___ Source data
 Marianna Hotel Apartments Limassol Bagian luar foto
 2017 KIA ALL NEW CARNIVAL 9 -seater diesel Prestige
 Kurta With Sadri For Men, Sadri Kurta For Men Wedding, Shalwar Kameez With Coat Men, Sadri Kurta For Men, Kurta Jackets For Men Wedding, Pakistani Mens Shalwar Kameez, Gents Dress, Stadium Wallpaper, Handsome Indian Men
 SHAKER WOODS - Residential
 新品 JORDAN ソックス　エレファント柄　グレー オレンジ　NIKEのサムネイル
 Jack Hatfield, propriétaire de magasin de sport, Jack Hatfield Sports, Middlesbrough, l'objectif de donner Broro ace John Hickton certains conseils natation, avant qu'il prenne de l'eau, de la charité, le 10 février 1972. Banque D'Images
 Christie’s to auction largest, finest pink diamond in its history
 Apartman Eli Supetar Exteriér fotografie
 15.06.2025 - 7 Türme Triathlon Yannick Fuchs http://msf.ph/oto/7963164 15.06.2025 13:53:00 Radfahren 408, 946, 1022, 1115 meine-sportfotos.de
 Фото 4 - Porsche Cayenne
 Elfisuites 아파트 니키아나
______
▶ [Brief] The response has to give back every record verbatim.

▶ [Task solution]
 Marianna Hotel Apartments Limassol Bagian luar foto
 2017 KIA ALL NEW CARNIVAL 9 -seater diesel Prestige
 Kurta With Sadri For Men, Sadri Kurta For Men Wedding, Shalwar Kameez With Coat Men, Sadri Kurta For Men, Kurta Jackets For Men Wedding, Pakistani Mens Shalwar Kameez, Gents Dress, Stadium Wallpaper, Handsome Indian Men
 SHAKER WOODS - Residential
 新品 JORDAN ソックス　エレファント柄　グレー オレンジ　NIKEのサムネイル
 Jack Hatfield, propriétaire de magasin de sport, Jack Hatfield Sports, Middlesbrough, l'objectif de donner Broro ace John Hickton certains conseils natation, avant qu'il prenne de l'eau, de la charité, le 10 février 1972. Banque D'Images
 Christie’s to auction largest, finest pink diamond in its history
 Apartman Eli Supetar Exteriér fotografie
 15.06.2025 - 7 Türme Triathlon Yannick Fuchs http://msf.ph/oto/7963164 15.06.2025 13:53:00 Radfahren 408, 946, 1022, 1115 meine-sportfotos.de
 Фото 4 - Porsche Cayenne
 Elfisuites 아파트 니키아나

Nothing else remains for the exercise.